Mon avis : (lu en mars 2005) 
Ce livre est un récit fabuleux où se mêlent l’aventure, l’honneur, la guerre et la folie des hommes. C’est à la fois un conte initiatique et philosophique. Les personnages sont magnifiques et il y beaucoup d’humanité dans ce livre. Le style est fluide, riche et d'une précision incroyable, l'ensemble est poignant et inoubliable. A lire absolument !

Extrait :
D’ordinaire, Katabolonga était le premier à se lever dans le palais. Il arpentait les couloirs vides tandis qu’au-dehors la nuit pesait encore de tout son poids sur les collines. Pas un bruit n’accompagnait sa marche.
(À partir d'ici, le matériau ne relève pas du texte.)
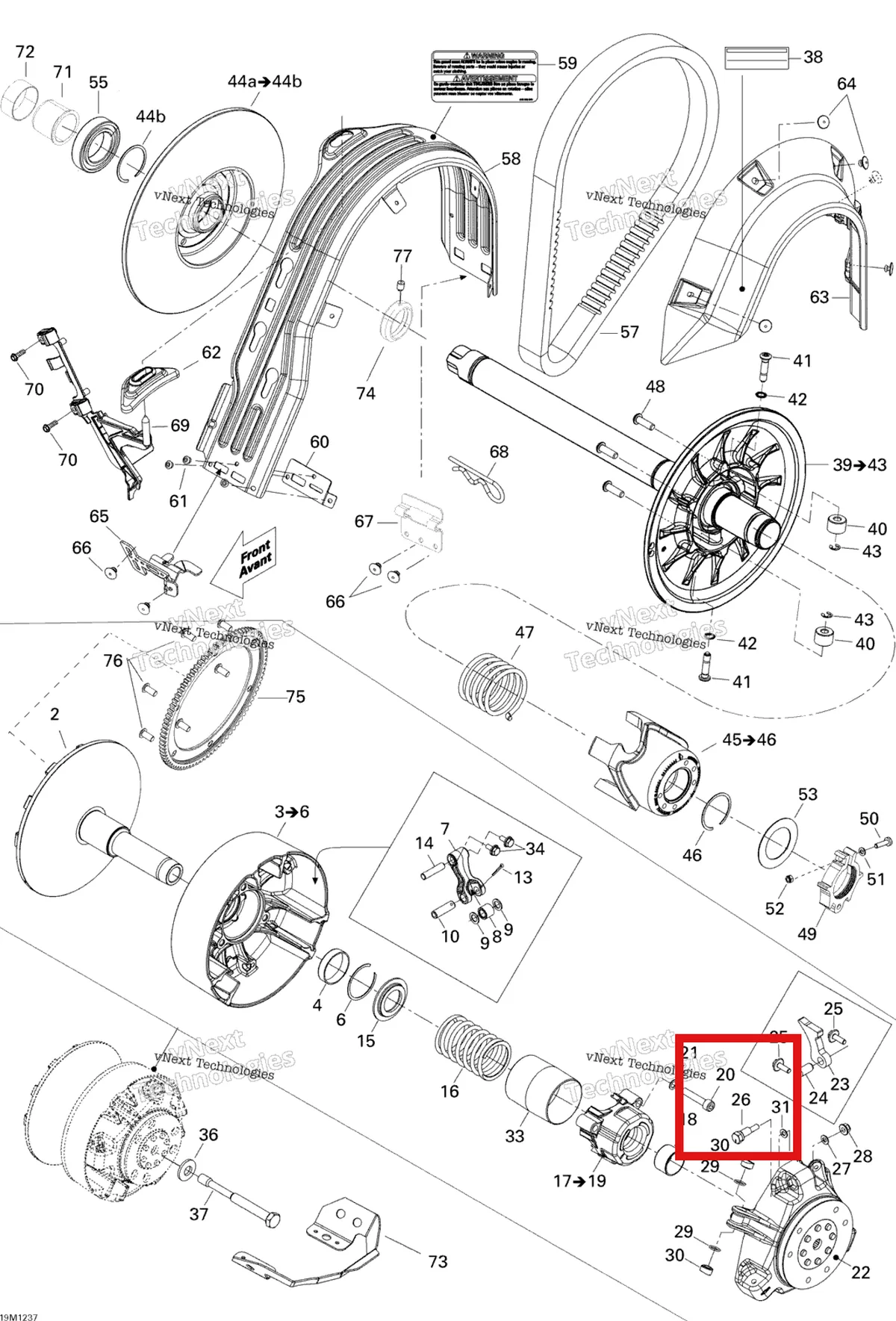 Деталь 417223460 (Калибровочный Винт) на схеме узла 2012 Ski-Doo Expedition LE 600HOETEC XU Pulley System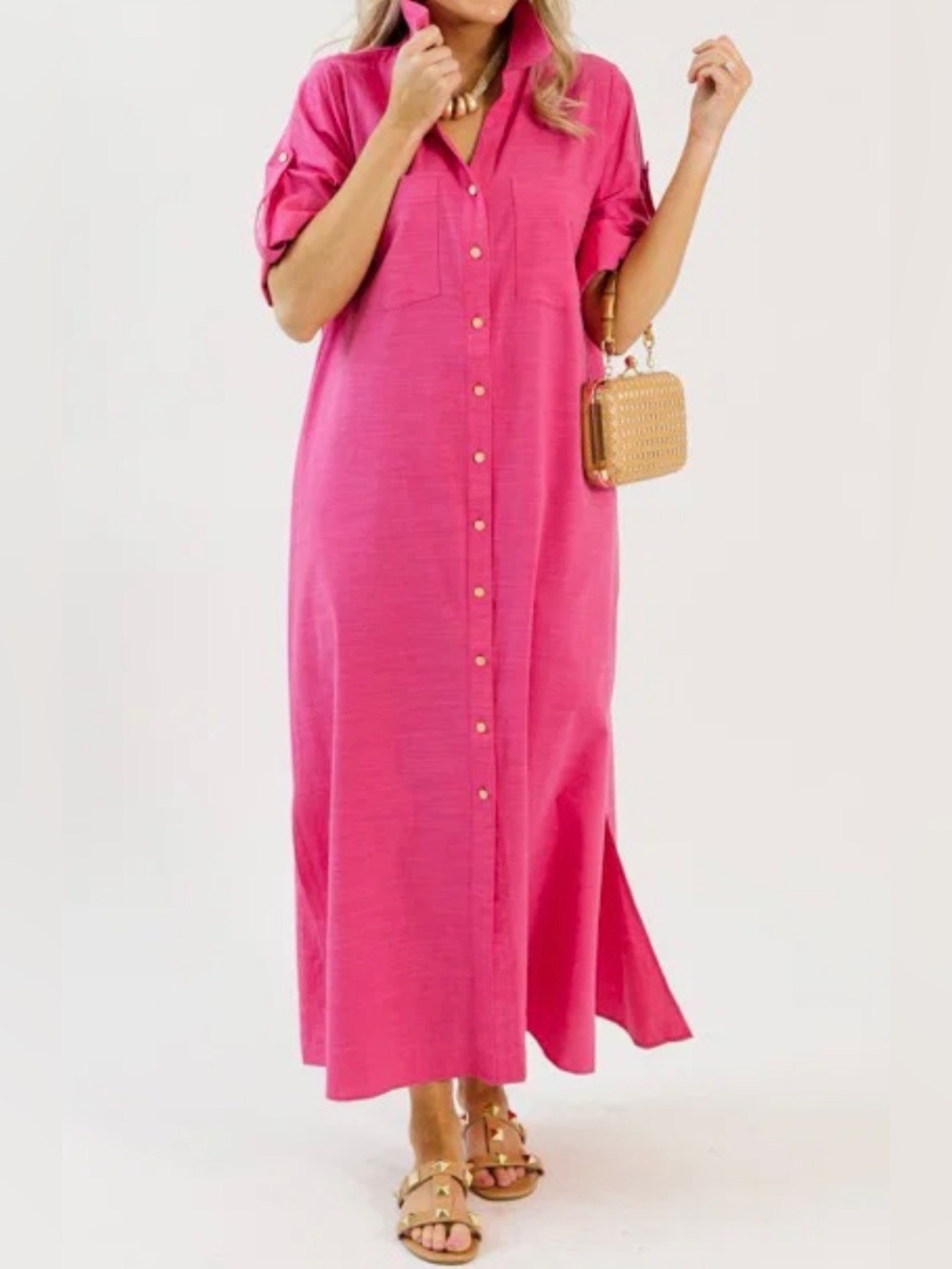 **NWT** JODIFL Hot Pink Button-Front Maxi Shirt Dress L **NEW**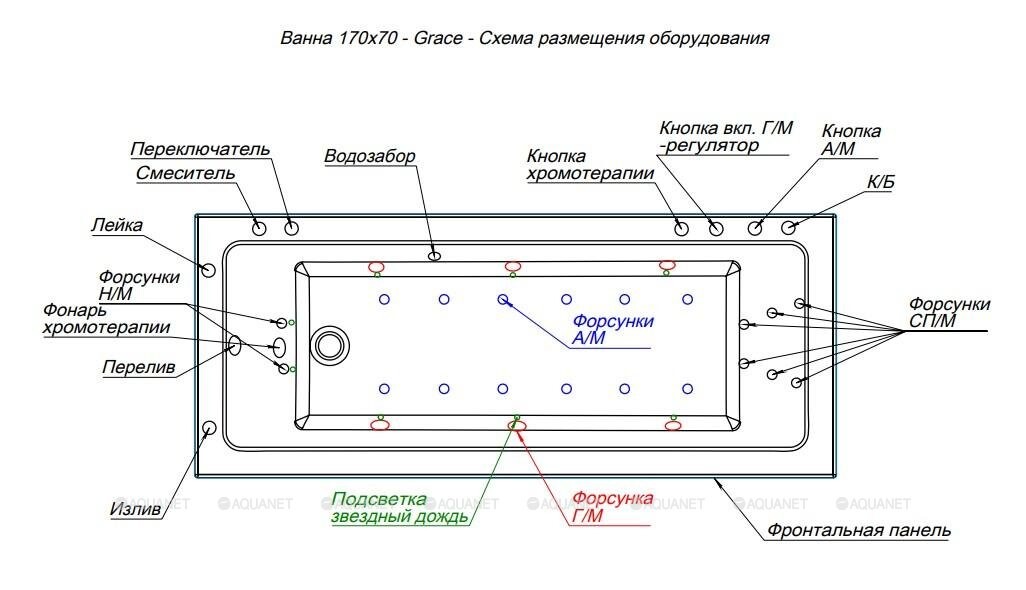 Акриловая ванна Aquanet Grace 170x70 (с каркасом) 00312653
Il avançait sans croiser personne, de sa chambre à la salle du tabouret d’or. Sa silhouette était celle d’un être vaporeux qui glissait le long des murs. C’était ainsi. Il s’acquittait de sa tâche, en silence, avant que le jour ne se lève.

Mais ce matin-là, il n’était pas seul. Ce matin-là, une agitation fiévreuse régnait dans les couloirs. Des dizaines et des dizaines d’ouvriers et de porteurs allaient et venaient avec précaution, parlant à voix basse pour ne réveiller personne. C’était comme un grand navire de contrebandiers qui déchargeait sa cargaison dans le secret de la nuit. Tout le monde s’affairait en silence. Au palais de Massaba, il n’y avait pas eu de nuit. Le travail n’avait pas cessé.

Depuis plusieurs semaines, Massaba était devenue le cœur anxieux d’une activité de fourmis. Le roi Tsongor allait marier sa fille avec le prince des terres du sel. Des caravanes entières venaient des contrées les plus éloignées pour apporter épices, bétail et tissus. Des architectes avaient été diligentés pour élargir la grande place qui s’étendait devant la porte du palais. Chaque fontaine avait été décorée. De longues colonnes marchandes venaient apporter des sacs innombrables de fleurs. Massaba vivait à un rythme qu’elle n’avait jamais connu. Au fil des jours, sa population avait grossi. Des milliers de tentes, maintenant, se tenaient serrées le long des remparts, dessinant d’immenses faubourgs de tissu multicolores où se mêlaient le cri des enfants qui jouaient dans le sable et les braiements du bétail. Des nomades étaient venus de loin pour être présents en ce jour. Il en arrivait de partout. Ils venaient voir Massaba. Ils venaient assister aux noces de Samilia, la fille du roi Tsongor.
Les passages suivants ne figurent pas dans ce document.